Japan’s Biggest Earthquake on Record Causes Tsunami

Warnings have been issued to countries thousands of miles from the epicentre

An 8.9 magnitude earthquake has caused a tsunami in the north-east of Japan this morning.

At around 14:46 local time (5:46 GMT), a rupture in the floor of the Pacific sea caused a 13 foot wave to ravage the north-east coast of Japan. Devastating images of a muddy, debris-strewn body of water can be seen in footage recorded by Japanese television. Cars, ships, even buildings – many of which are on fire – can be seen, swept up by the wave’s powerful force. Motorists are seen speeding along the roads in an attempt to escape the approaching wave.

Japanese footage also captured shocking images of a huge ocean whirlpool. Japan’s Kyodo news agency has confirmed that a ship carrying 100 people was swept away by the tsunami.

The wave spread to as far as 250 miles away from the capital of Tokyo. The city has experienced fierce aftershocks. Many buildings have collapsed, with hundreds of workers filling the streets, trying to find safety. 32 have been reported dead, with the death toll expected to rise significantly.

The earthquake has also sparked several serious fires, causing an oil refinery in Ichihara, as well as several nuclear plants, to be closed down. So far, no leakages have been reported but Japan has issued a state of emergency after the failure of a cooling system at Tohoku Electric Power Company’s Onagawa facility.

At present it is not known what caused the earthquake. A spokesperson for the Australian Tsunami Warning Centre has explained that it takes time for the earthquake signal to travel through the earth’s crust and it is therefore “very, very difficult to give useful warnings to anybody who is less than 30 minutes tsunami travel time away from the earthquake”.

Warnings have now been extended across the Pacific – Taiwan, the Philippines, Indonesia, Hawaii, Canada and the Pacific coast of Russia have all been urged to take precautions. Authorities have begun to evacuate coastal communities and the north-east coast of Indonesia expects to be hit at any moment.

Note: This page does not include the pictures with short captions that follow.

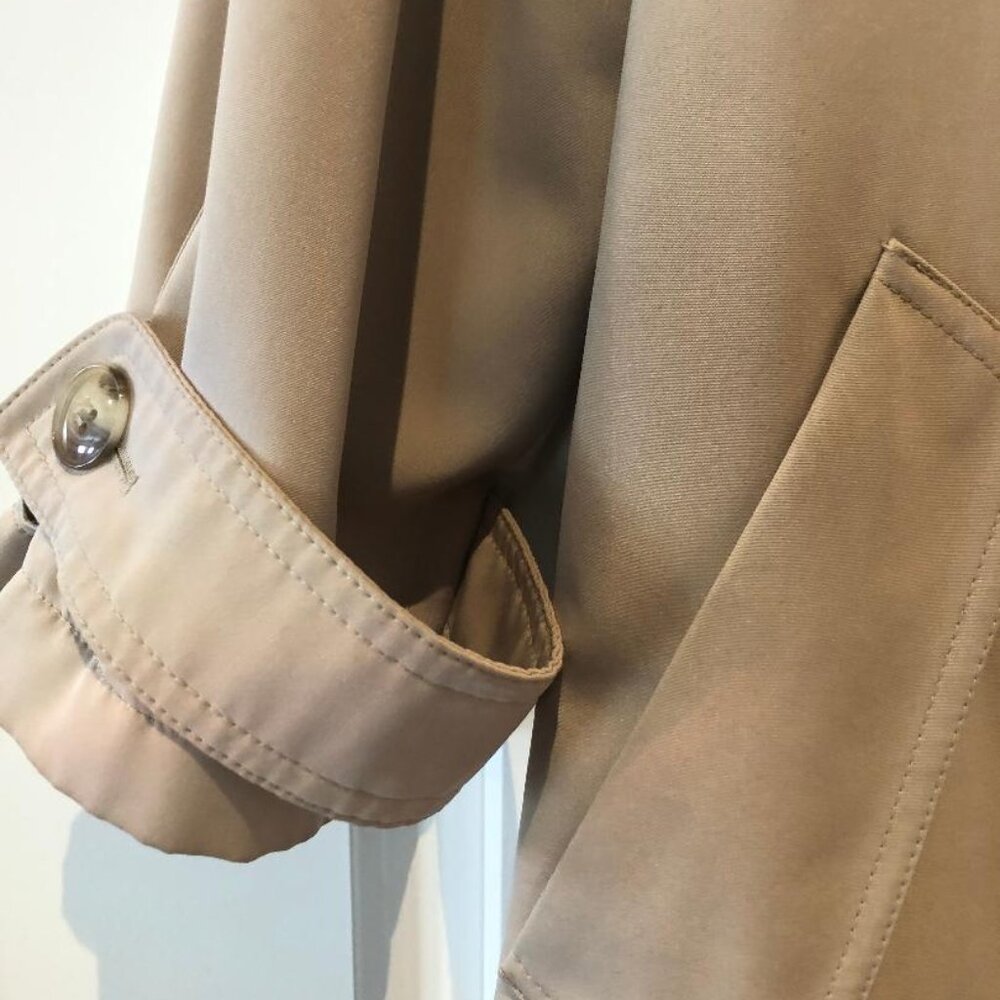 Gallery Raincoat 16 EUC - Picture 5 of 6
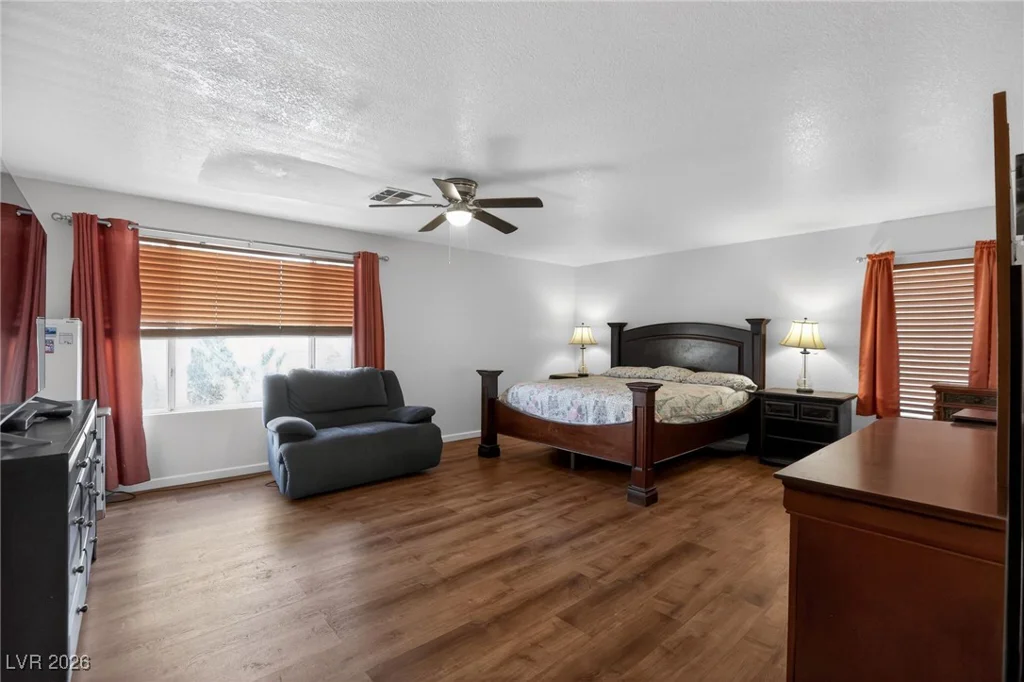7408 Shallow Glen, Las Vegas, NV 89129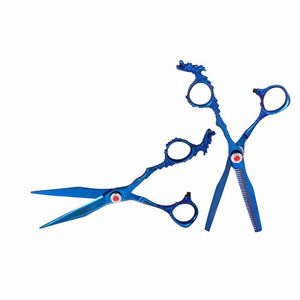 กรรไกรตัดผมมืออาชีพ Dragon Handle ขนาด 6.0 นิ้ว พร้อมด้ามจับรูปทรงมังกร ผลิตจากโลหะผสมโคบอลต์คุณภาพสูง ชุดกรรไกรตัดผมสำหรับร้านทำผม - Product Image 6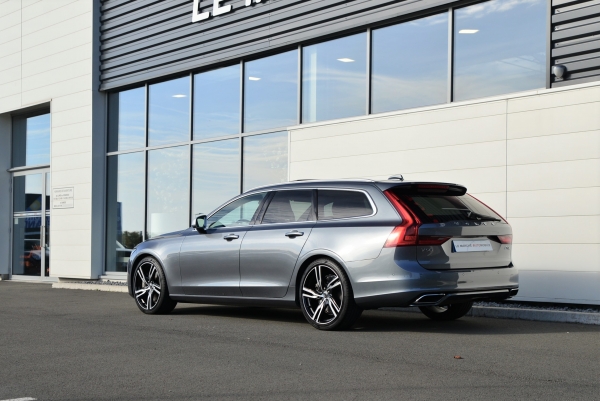  Volvo V90 D5 235CH AWD R-DESIGN GEARTRONIC 8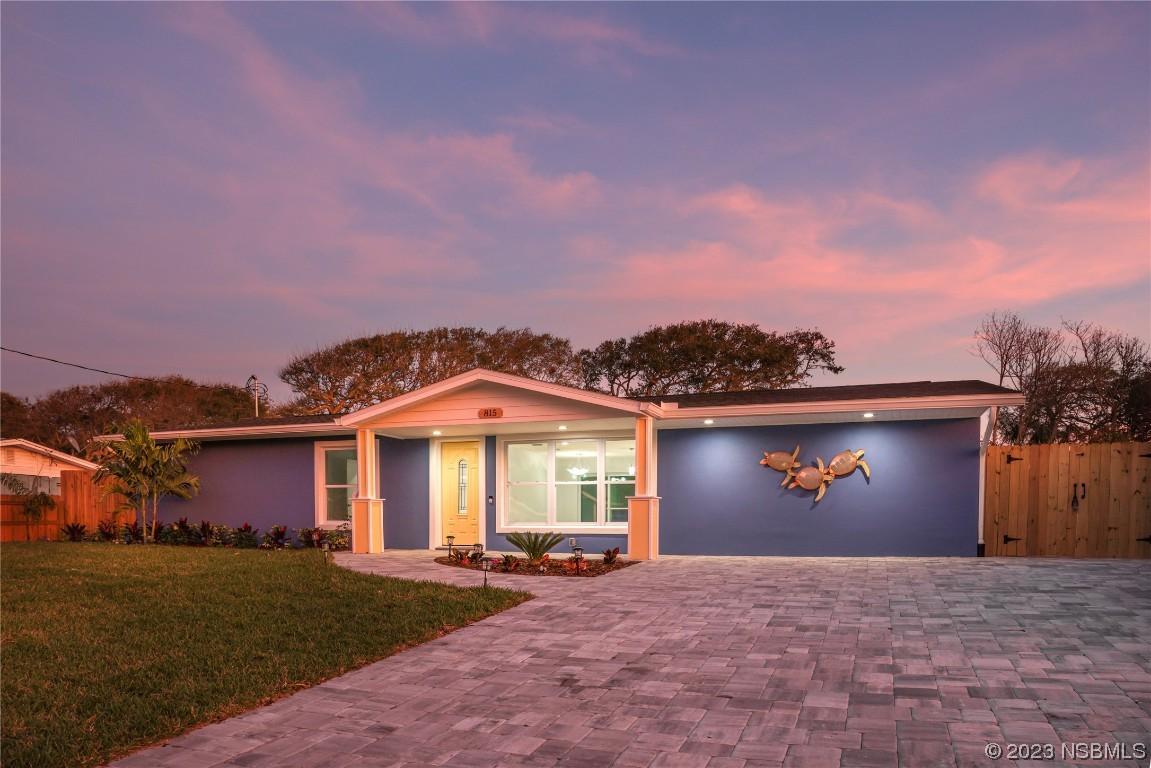 815 E 18th Ave, New Smyrna Beach, FL 32169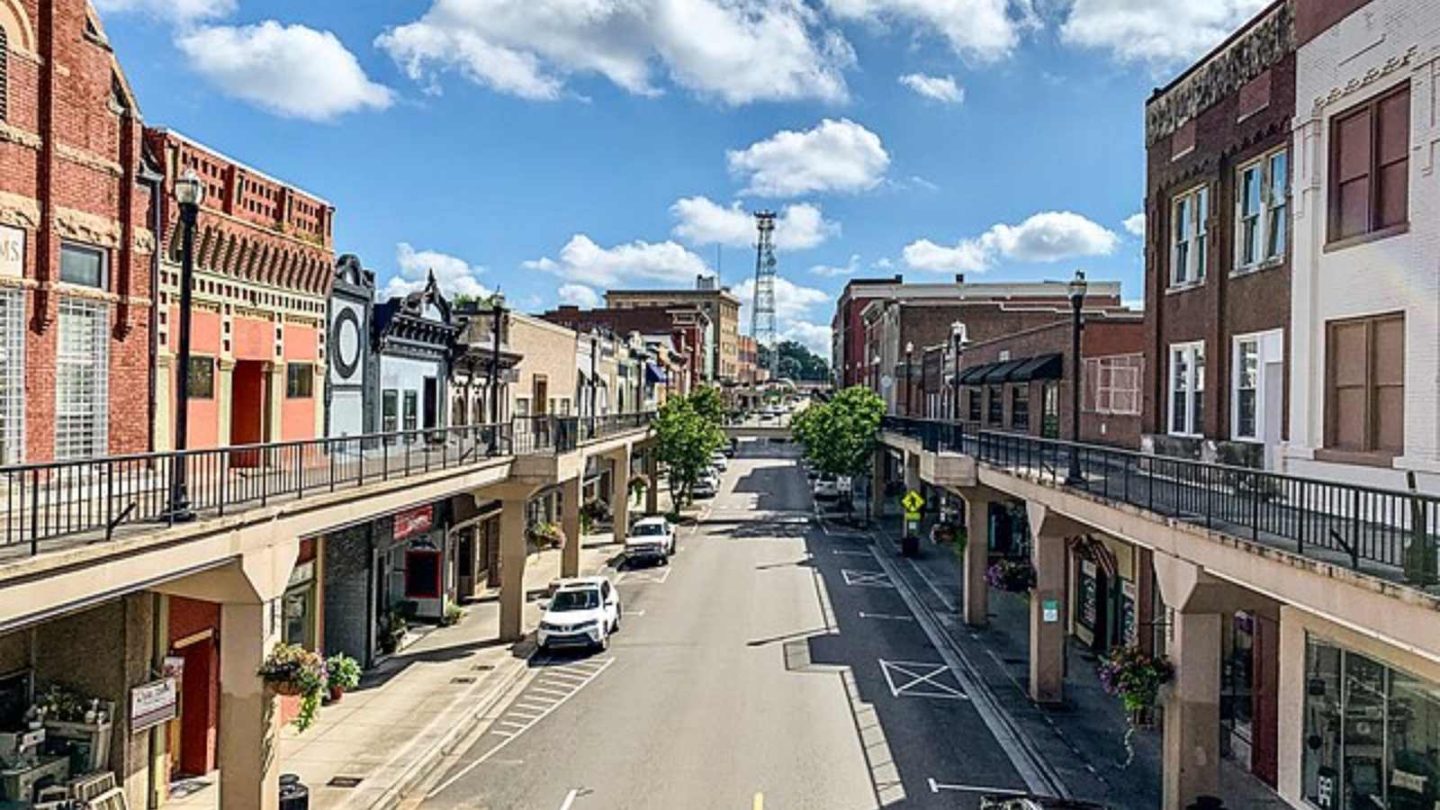American Rural Towns That Are Hot Spots for Relocation in 2025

Chief government spokesperson, Yukio Edano, has said: “Our initial assessment indicates that there has already been enormous damage.” He added that the Japanese government would strive for “maximum relief effort”. The Defence Ministry has already sent troops to areas that have been severely hit.

In Britain, the government has set up a helpline for anyone worried about friends or relatives in Japan. David Cameron has said: “The first thing we should be thinking about is sending our sympathy and our condolences.” “Everyone should be thinking of the country and its people and I have asked immediately that our Government look at what we can do to help.”